_Records to use_
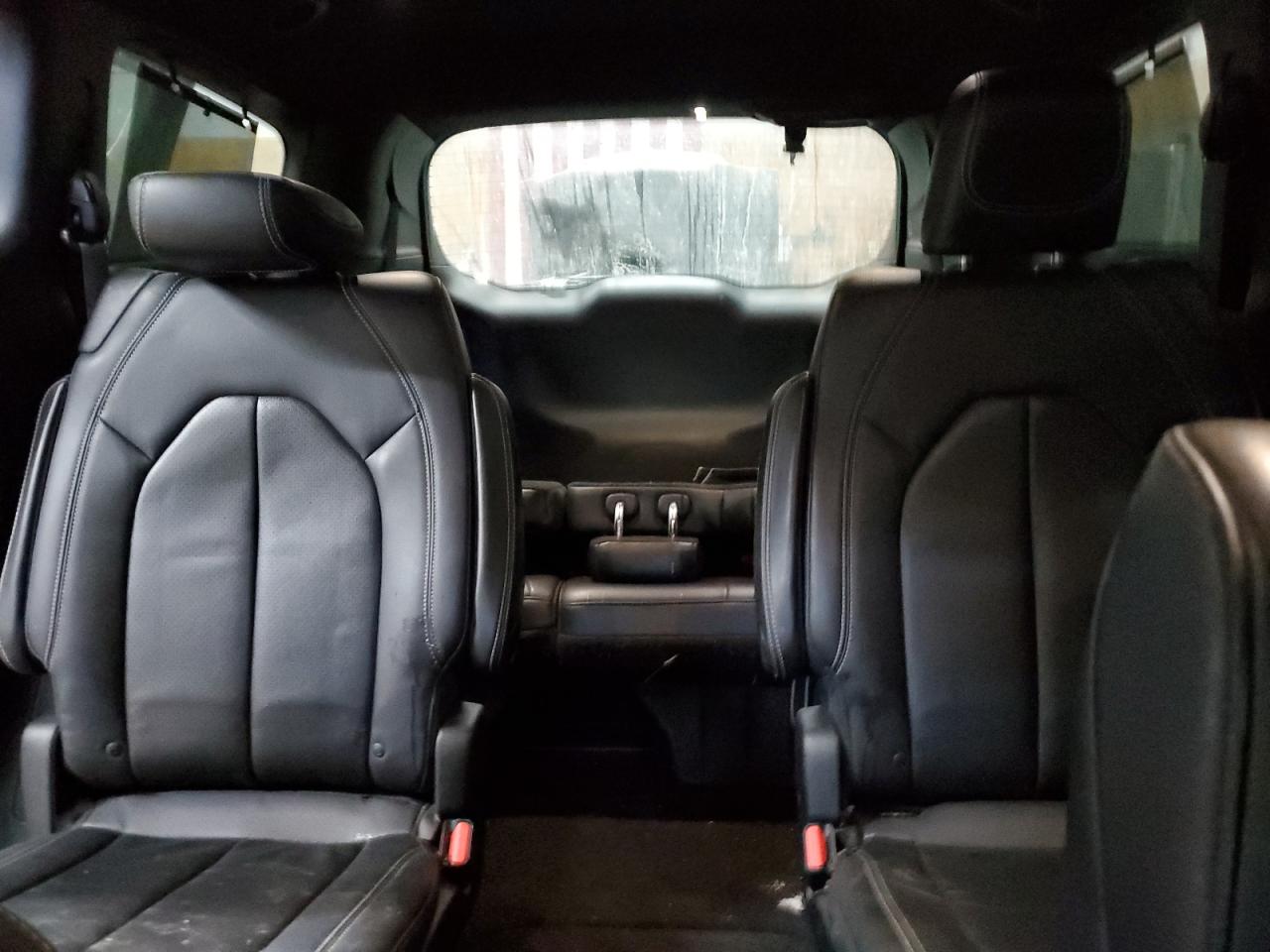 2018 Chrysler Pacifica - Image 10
---
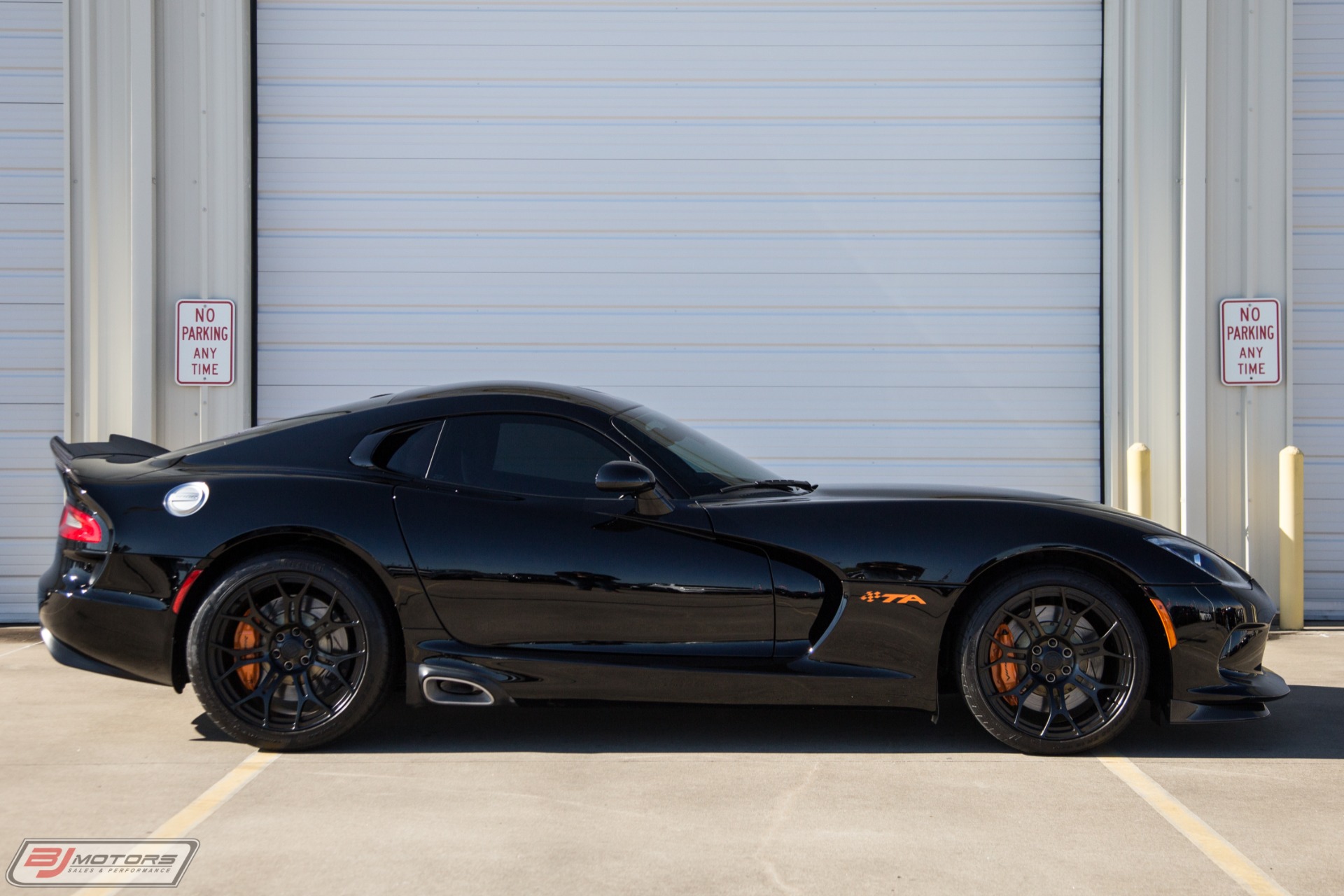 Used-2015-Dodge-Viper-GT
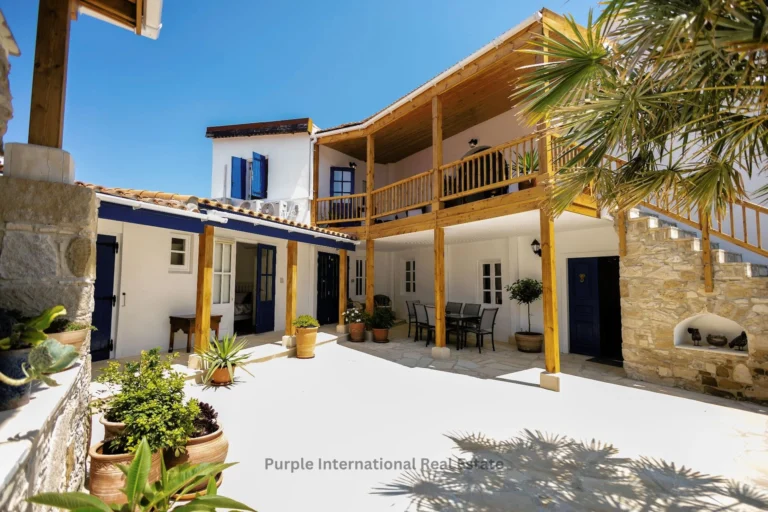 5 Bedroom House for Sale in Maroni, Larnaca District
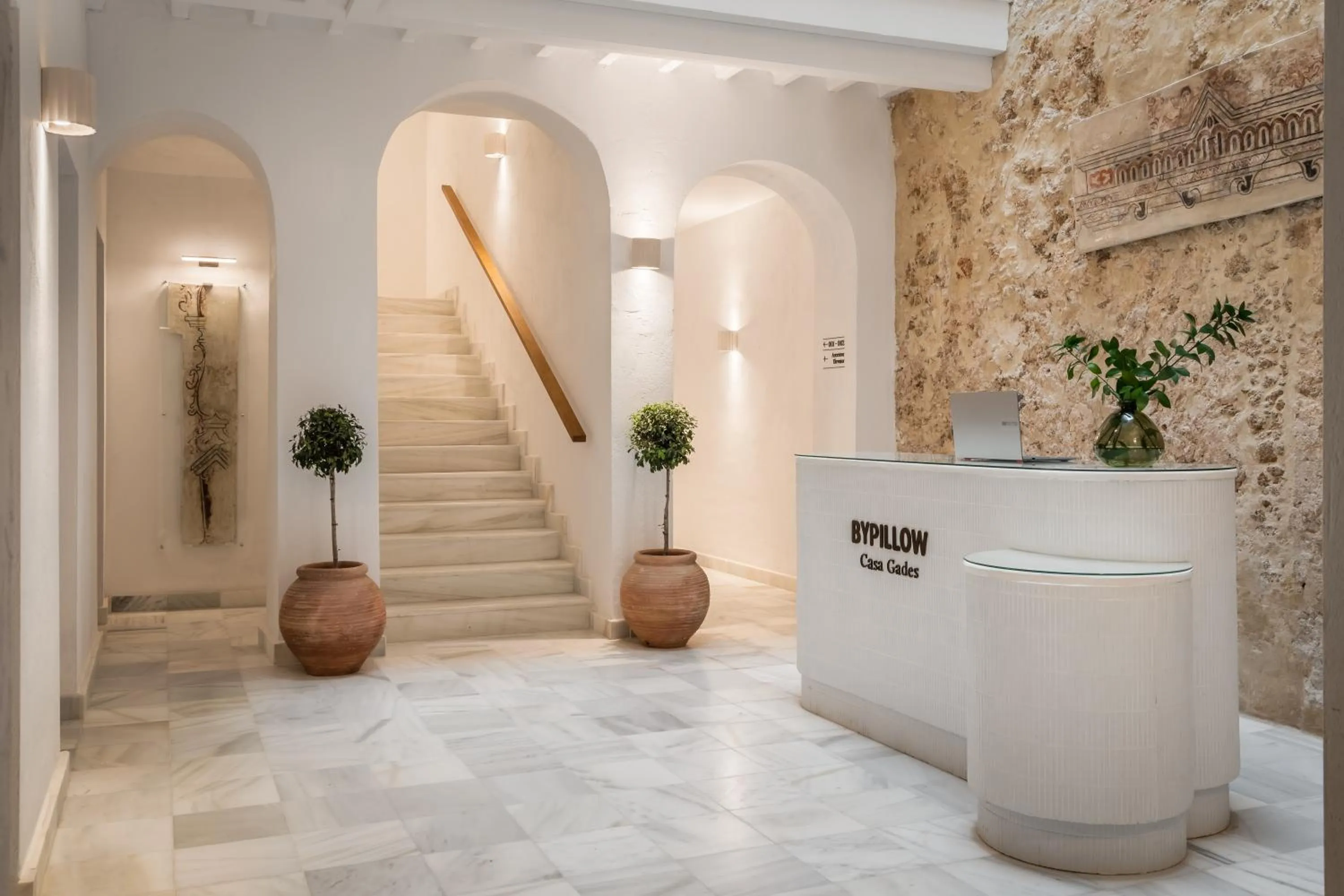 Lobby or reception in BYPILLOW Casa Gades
...
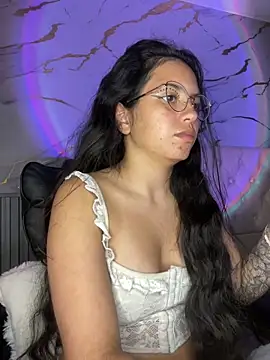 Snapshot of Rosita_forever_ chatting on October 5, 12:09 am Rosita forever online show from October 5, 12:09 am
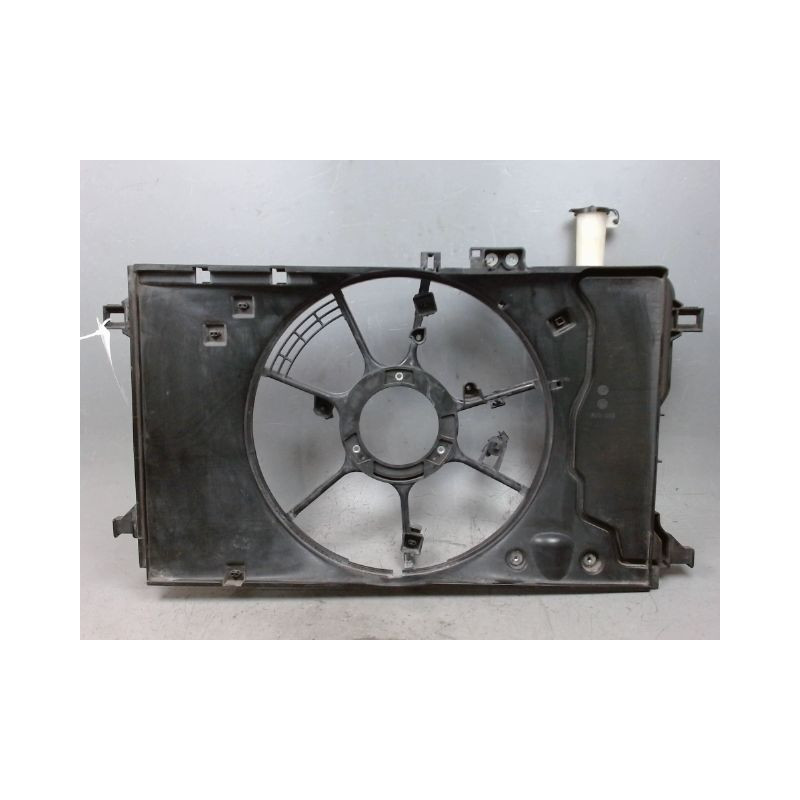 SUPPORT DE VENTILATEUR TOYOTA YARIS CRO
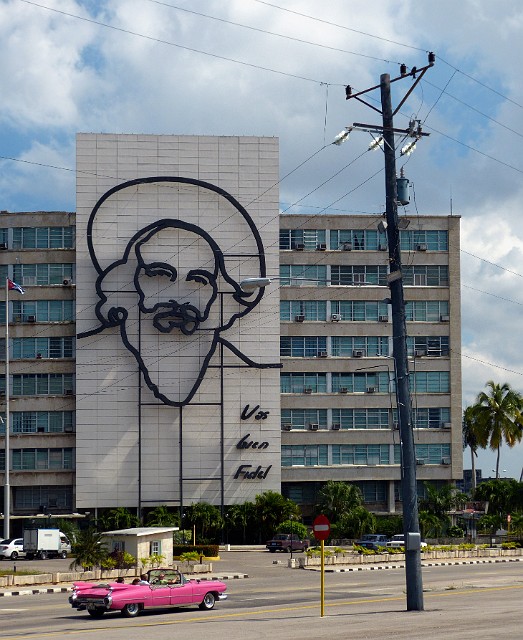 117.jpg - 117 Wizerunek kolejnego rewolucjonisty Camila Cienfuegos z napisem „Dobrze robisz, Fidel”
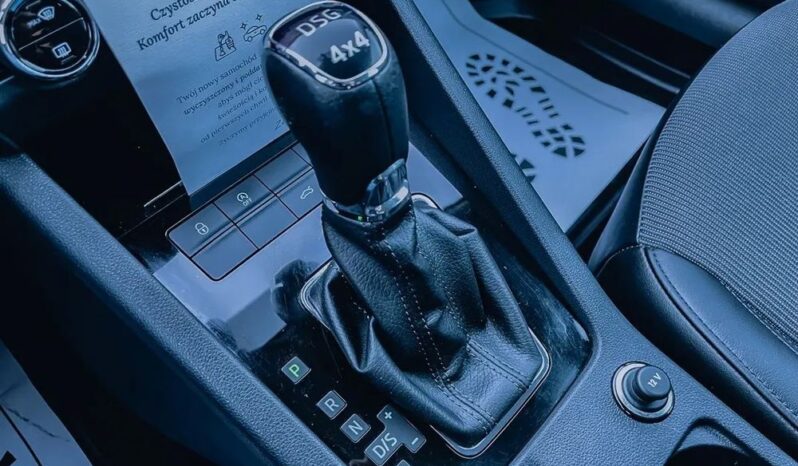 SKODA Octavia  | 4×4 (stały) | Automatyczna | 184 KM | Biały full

_What is needed_
Work from the entries above. Set down exactly and only the lines from the line with "Snapshot of Rosita_forever_" to the line with "SKODA Octavia  |", both included, and leave the pictures out.

_Solution for this problem_
 Snapshot of Rosita_forever_ chatting on October 5, 12:09 am Rosita forever online show from October 5, 12:09 am
 SUPPORT DE VENTILATEUR TOYOTA YARIS CRO
 117.jpg - 117 Wizerunek kolejnego rewolucjonisty Camila Cienfuegos z napisem „Dobrze robisz, Fidel”
 SKODA Octavia  | 4×4 (stały) | Automatyczna | 184 KM | Biały full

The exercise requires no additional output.